Tym razem na odległą wyspie Iturup na Oceanie Spokojnym pojechał premier Dmitrij Miedwiediew. W czasie wizyty zapowiedział, że na wyspach powstanie „grupa wojsk rosyjskich".
Natychmiast odpowiedziało mu japońskie ministerstwo spraw zagranicznych, które stwierdziło że premier „rani uczucia japońskiego narodu".
Z powodu czterech wysp archipelagu Japonia do tej pory formalnie nie zakończyła wojny z Moskwą – najpierw radziecką a teraz rosyjską. Od 70 lat Tokio domaga się ich zwrotu.

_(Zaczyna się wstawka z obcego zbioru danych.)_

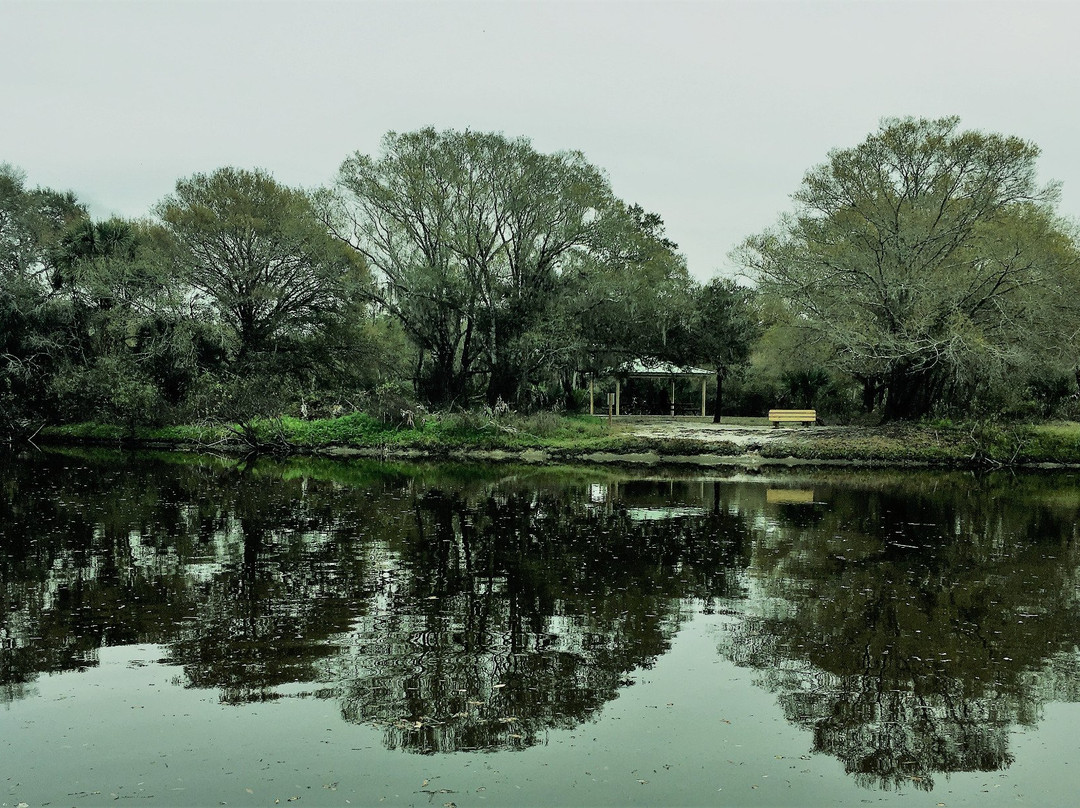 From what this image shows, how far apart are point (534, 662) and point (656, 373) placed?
39.1 metres

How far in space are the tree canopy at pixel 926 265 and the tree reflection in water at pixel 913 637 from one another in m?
16.4

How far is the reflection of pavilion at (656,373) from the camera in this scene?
140 ft

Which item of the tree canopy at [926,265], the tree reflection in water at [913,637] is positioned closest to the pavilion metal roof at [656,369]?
the tree canopy at [926,265]

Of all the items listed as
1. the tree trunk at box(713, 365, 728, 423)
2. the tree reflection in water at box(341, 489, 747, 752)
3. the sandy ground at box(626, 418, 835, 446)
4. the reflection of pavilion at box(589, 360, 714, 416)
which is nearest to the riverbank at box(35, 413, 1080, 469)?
the sandy ground at box(626, 418, 835, 446)

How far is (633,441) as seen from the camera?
33.6 meters

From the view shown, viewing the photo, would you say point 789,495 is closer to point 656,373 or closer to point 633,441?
point 633,441

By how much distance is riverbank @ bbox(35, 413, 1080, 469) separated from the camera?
104ft

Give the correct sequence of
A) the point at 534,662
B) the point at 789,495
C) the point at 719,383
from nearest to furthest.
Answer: the point at 534,662, the point at 789,495, the point at 719,383

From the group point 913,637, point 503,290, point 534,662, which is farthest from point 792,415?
point 534,662

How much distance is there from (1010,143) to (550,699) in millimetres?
33083

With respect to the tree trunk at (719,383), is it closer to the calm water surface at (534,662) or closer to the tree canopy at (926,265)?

Miedwiediew poradził obecnie Japończykom, by się „nie denerwować" bowiem Kuryle „są częścią Rosji". „Jeśli by byli prawdziwymi mężczyznami, to by w popełnili harakiri i w końcu się uspokoili" – napisał z kolei na Twitterze o Japończykach rosyjski wicepremier Dmitrij Rogozin.
W Tokio poinformowano, że w tej sytuacji z wizyty w Moskwie zrezygnował japoński minister spraw zagranicznych Fumio Kishida, a rosyjskiemu ambasadorowi wręczono odpowiednią notę dyplomatyczną. W Moskwie poinformowano, że data wizyty ministra nie była ustalona „trudno więc mówić o jej odwołaniu" a rosyjski ambasador nie dostał żadnej noty.